Zhigang Qi, Weimin Wang, Xihua Zhang

In our new paper published in npj materials degradation “Improving the degradation and magnetization performance of FePC amorphous alloys by annealing treatment”, we investigated the effects of annealing treatment on the dye degradation performance and magnetization performance of FePC amorphous ribbons. In this blog post, instead of going into the details of the study, we will tell how this research originated, evolved, and ultimately ended as a publication. 

Inspiration

The extensive use of synthetic dyes in printing and dying industries has brought serious environmental problems [1]. Owing to their high surface active sites induced by disordered atomic packing structure and residual internal stress, Fe-based amorphous alloys ribbons are one of the catalysts which are applied in degrading various printing and dying wastewaters [2].

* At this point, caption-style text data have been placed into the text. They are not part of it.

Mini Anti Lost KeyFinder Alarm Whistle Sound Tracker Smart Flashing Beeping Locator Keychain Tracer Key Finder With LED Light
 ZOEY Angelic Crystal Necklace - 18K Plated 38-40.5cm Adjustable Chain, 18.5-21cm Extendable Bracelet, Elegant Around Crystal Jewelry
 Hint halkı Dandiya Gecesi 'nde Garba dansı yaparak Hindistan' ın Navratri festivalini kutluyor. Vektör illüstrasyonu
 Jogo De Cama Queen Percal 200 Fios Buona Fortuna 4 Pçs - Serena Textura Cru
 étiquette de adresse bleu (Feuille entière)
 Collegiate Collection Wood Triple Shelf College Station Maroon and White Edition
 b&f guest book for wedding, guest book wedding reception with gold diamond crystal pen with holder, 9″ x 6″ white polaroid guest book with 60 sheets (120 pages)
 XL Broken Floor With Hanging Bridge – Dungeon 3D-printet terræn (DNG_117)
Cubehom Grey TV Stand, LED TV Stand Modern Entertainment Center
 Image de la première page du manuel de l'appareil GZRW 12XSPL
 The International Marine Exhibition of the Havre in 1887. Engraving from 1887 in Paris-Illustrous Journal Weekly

The energy-efficient and time-saving annealing treatment is one of the methods, which applies to improve the degradation performance of Fe-based amorphous alloys ribbons [3, 4]. However, the mechanism of annealing still needs to be further clarified. For example, Chen et al found that the multiphase annealed (Fe73.5Si13.5B9Nb3Cu1)91.5Ni8.5 ribbons show much better degradation performance in Orange II than their metallic glass counterparts [5], while it is also reported that Fe78Si9B13 amorphous ribbons showed better degradation performance for 3,5-dichlorosalicylic acid dye solution compared to their annealed ribbons [6].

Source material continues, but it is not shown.